• **Assigned task**
If a line of the records contains the string "featuring", copy it out.

• **Data under study**
▬▬▬▬▬▬
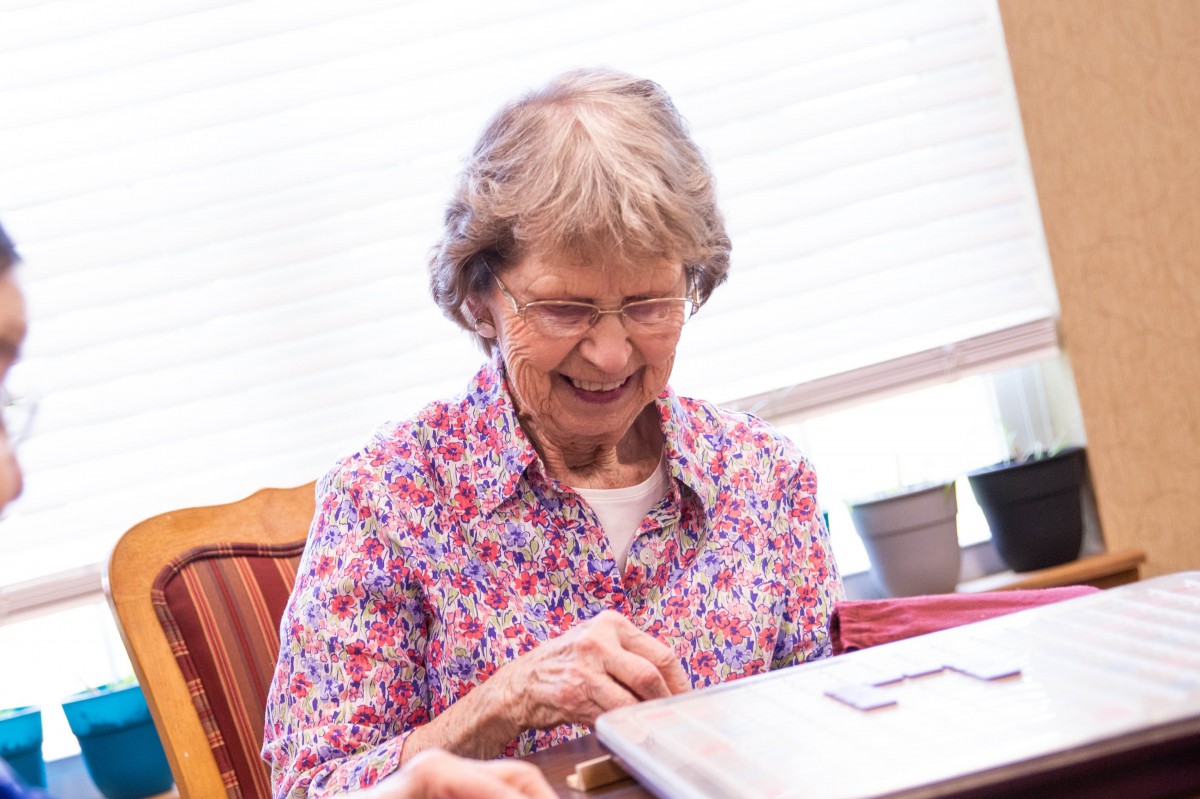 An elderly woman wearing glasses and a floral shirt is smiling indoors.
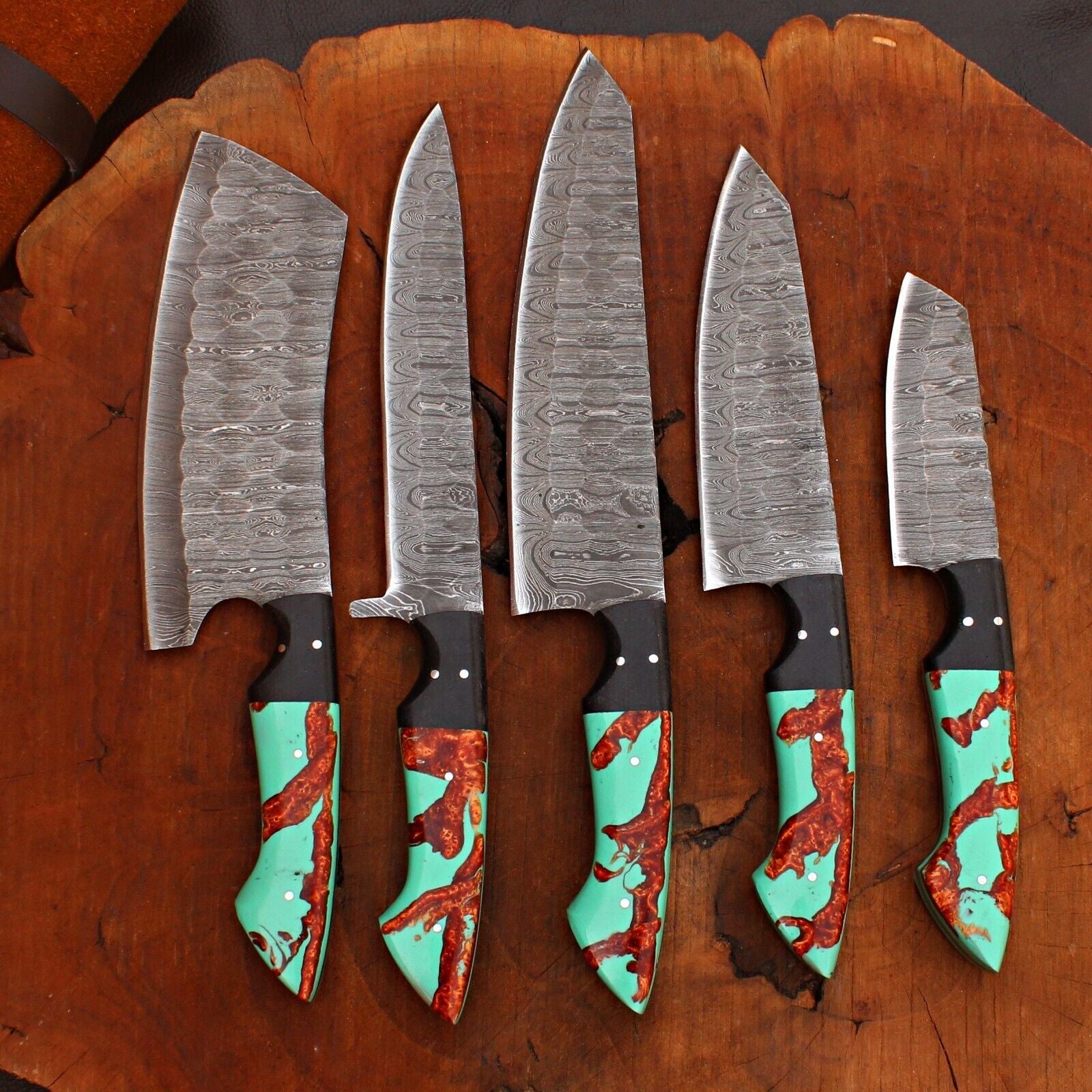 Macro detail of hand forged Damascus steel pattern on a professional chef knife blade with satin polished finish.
▬▬▬▬▬▬
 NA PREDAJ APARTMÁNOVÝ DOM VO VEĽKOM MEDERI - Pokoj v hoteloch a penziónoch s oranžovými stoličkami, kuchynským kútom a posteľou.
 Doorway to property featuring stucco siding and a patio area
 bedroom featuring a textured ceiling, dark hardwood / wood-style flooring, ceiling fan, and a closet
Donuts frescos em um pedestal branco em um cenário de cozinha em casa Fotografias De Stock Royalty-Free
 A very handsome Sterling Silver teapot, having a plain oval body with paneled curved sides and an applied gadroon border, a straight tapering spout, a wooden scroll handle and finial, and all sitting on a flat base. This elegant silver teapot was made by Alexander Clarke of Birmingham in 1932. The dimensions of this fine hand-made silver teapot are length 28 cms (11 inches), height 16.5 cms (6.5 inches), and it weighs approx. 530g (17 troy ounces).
▬▬▬▬▬▬
• **Output**
 Doorway to property featuring stucco siding and a patio area
 bedroom featuring a textured ceiling, dark hardwood / wood-style flooring, ceiling fan, and a closet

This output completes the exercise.